Florida righthander Andrew Painter has established himself as the only 1A tier pitcher of the group and has some similarities to Phillies first-rounder Mick Abel from 2020 in terms of a well-rounded skillset with few questions. After that, there’s a 1B group that includes righthanders Chase Petty, Chase Burns, Jackson Jobe and lefthander Joshua Hartle—each of whom has first-round talent but is less polished than Painter.
Beyond the 1A and 1B tier of prep pitchers, there is quality depth of lefthanders who have plenty of talent, including Maddux Bruns, Anthony Solometo, Brock Selvidge, Philip Abner, Mason Albright and Gage Jump. Recent drafts have been more limited than this with southpaw arms.
High School Hitting
Average Grade: 58
As evidenced by the voting, this group has the most consensus of any. Eleven separate teams graded the high school hitters out as a 60 with three other votes being a 30, 50 and 70. Teams likely have more confidence in their evaluations of the high school hitters than any other demographic because of a fairly typical evaluation period for the preps last summer.
The class is filled with athletic, up-the-middle position players who have tools, hitting ability and power. Prep shortstops are typically the most coveted position group of a high school class, and the 2021 group has that in spades.
Jordan Lawlar and Marcelo Mayer seem to have separated themselves from the group and appear to be safe top-10 picks. Brady House and Izaac Pacheco might eventually move to third base, but they have the tools to be above-average defenders at the position with the power to profile well. Khalil Watson is among the better athletes in the class, with electric bat speed. Beyond the current top-30 shortstops are players who could easily move into this range, like Maxwell Muncy, Cody Schrier, Alex Mooney and Jordan McCants—to name just a few.
In the outfield there are massively tooled-up athletes with tantalizing upside, led by Florida outfielder James Wood, Massachusetts outfielder Joshua Baez and Alabama outfielder Benny Montgomery. It doesn’t end with them, as Braylon Bishop, Tyree Reed, Will Taylor, Malakhi Knight and Thomas DiLandri also offer an upside blend of tools and athleticism. On top of that are pure hitting profiles that Daylen Lile and Braden Montgomery bring and we haven’t even touched on a strong prep catching group.
It’s a risky demographic, but Joe Mack, Harry Ford, Ian Moller and Carter Jensen will make it difficult for teams to pass on them given their various combinations of power (Mack, Moller), freak athleticism (Ford), pure hitting ability (Mack, Jensen) and defensive chops (all of the above, to varying degrees).
Altogether, it’s an exciting and deep group of high school bats.
Putting everything together, how does the class look?

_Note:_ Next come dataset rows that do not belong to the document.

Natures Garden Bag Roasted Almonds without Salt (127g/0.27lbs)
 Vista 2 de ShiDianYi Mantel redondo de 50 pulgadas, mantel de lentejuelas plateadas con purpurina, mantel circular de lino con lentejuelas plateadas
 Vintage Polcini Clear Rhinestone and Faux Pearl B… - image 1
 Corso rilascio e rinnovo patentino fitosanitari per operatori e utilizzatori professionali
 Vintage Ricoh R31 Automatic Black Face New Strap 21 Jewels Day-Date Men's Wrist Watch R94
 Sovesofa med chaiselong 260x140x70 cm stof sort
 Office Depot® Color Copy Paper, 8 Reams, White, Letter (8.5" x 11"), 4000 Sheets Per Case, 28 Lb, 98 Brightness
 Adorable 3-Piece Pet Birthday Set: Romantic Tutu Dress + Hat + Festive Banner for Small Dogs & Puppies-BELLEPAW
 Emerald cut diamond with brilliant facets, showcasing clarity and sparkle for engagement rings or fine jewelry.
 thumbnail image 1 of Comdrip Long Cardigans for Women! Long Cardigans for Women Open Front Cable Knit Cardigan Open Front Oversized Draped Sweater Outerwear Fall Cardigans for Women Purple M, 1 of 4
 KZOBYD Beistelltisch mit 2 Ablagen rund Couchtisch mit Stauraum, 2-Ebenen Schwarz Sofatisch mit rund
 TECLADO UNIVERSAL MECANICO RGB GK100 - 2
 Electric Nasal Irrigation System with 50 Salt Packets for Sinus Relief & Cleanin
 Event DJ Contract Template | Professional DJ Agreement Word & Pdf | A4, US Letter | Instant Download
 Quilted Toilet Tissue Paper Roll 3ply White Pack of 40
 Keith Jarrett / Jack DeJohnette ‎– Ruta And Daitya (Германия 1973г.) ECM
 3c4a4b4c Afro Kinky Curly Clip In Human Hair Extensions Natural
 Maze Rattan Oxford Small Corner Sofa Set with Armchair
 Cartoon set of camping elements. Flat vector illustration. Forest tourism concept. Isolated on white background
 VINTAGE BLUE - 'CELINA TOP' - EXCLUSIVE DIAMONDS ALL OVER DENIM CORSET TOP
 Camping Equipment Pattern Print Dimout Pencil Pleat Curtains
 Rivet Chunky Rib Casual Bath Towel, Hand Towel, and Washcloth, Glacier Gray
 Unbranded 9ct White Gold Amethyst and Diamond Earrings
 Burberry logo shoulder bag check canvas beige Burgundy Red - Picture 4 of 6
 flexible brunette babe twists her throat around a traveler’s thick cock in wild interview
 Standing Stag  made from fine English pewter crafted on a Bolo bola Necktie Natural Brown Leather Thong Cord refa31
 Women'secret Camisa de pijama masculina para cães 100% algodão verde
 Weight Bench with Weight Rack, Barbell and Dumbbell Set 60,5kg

We’ll take each grade and round to the nearest half-grade to see.
Overall: 55 (above-average)
Impact: 50 (average)
Depth: 60 (plus)
College Pitching: 55 (above-average)
College Hitting: 45 (fringe-average)
High School Pitching: 50 (average)
High School Hitting: 60 (plus)
With just one area of weakness at the moment, the 2021 group looks like a solidly above-average class now, with a chance for average or better tools across the board on July 11 depending on the college bats.
Buckle up, this draft season is going to be a fun one.